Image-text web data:
------------
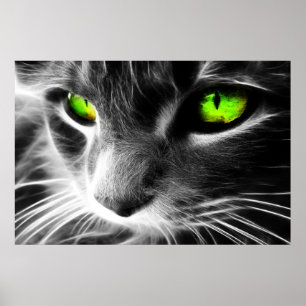 Impressão Eyed verde do fim do gato acima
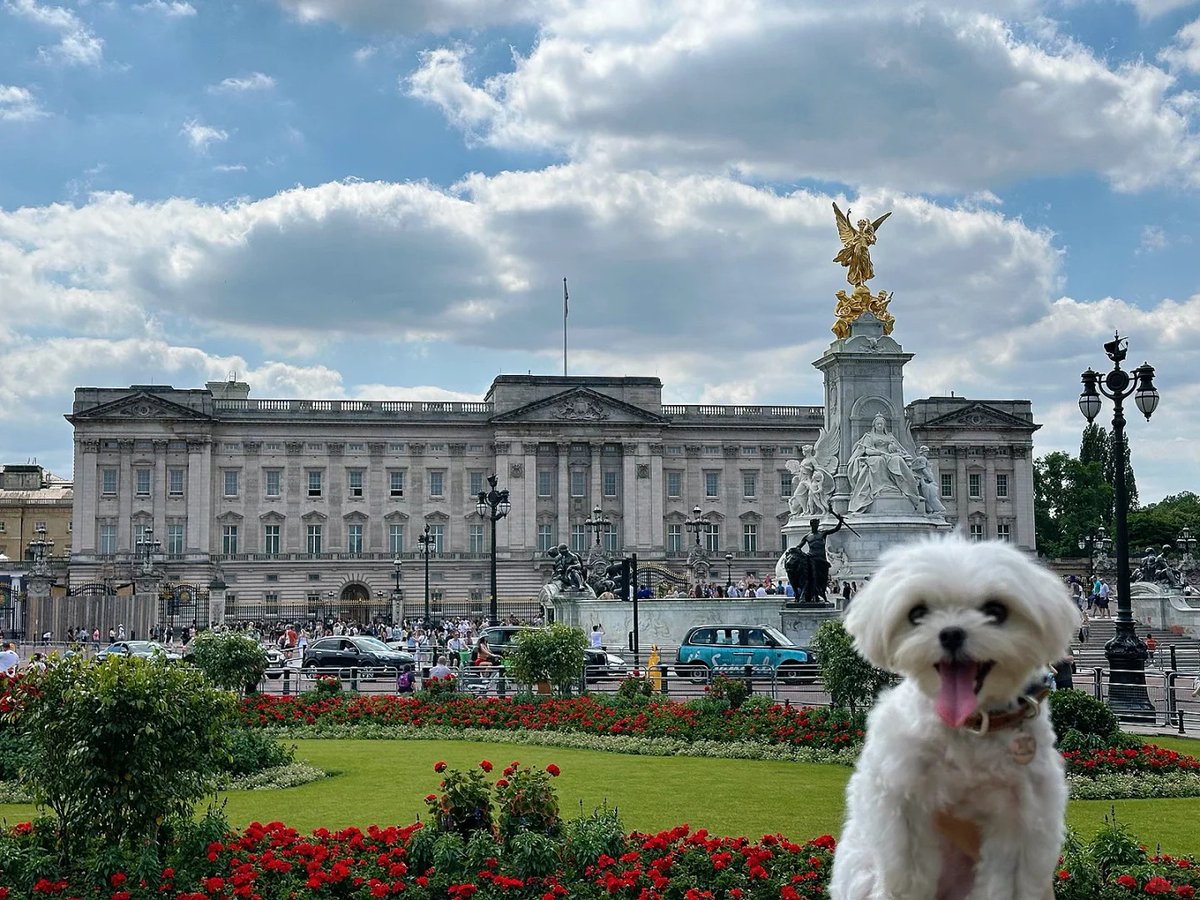 Queen58003543's tweet photo. Palace views and puppy feels. 🏰❤️ https://t.co/EddhmcdjPL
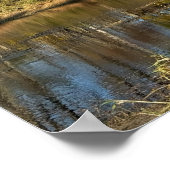 Autum Reflections on Creek Poster (Ecke)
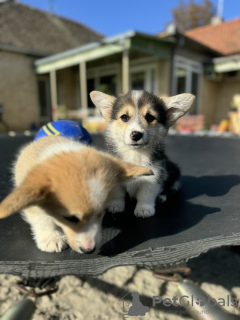 Photo №3. Pembroke Welsh Corgi puppies. Serbia
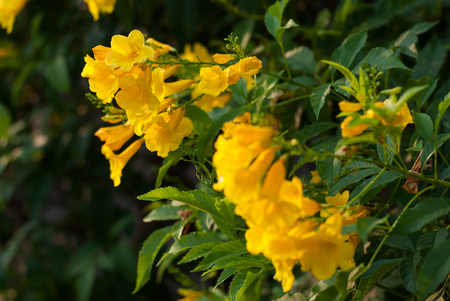 Yellow flowerの写真素材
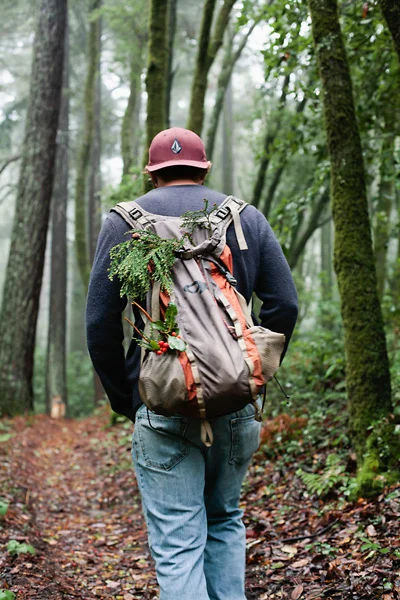 Santa Cruz, CA Redwood Forest - Hiking Photograph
------------
Give the entries again without a single change, but with no pictures.

ANSWER TO THIS TASK:
 Impressão Eyed verde do fim do gato acima
 Queen58003543's tweet photo. Palace views and puppy feels. 🏰❤️ https://t.co/EddhmcdjPL
 Autum Reflections on Creek Poster (Ecke)
 Photo №3. Pembroke Welsh Corgi puppies. Serbia
 Yellow flowerの写真素材
 Santa Cruz, CA Redwood Forest - Hiking Photograph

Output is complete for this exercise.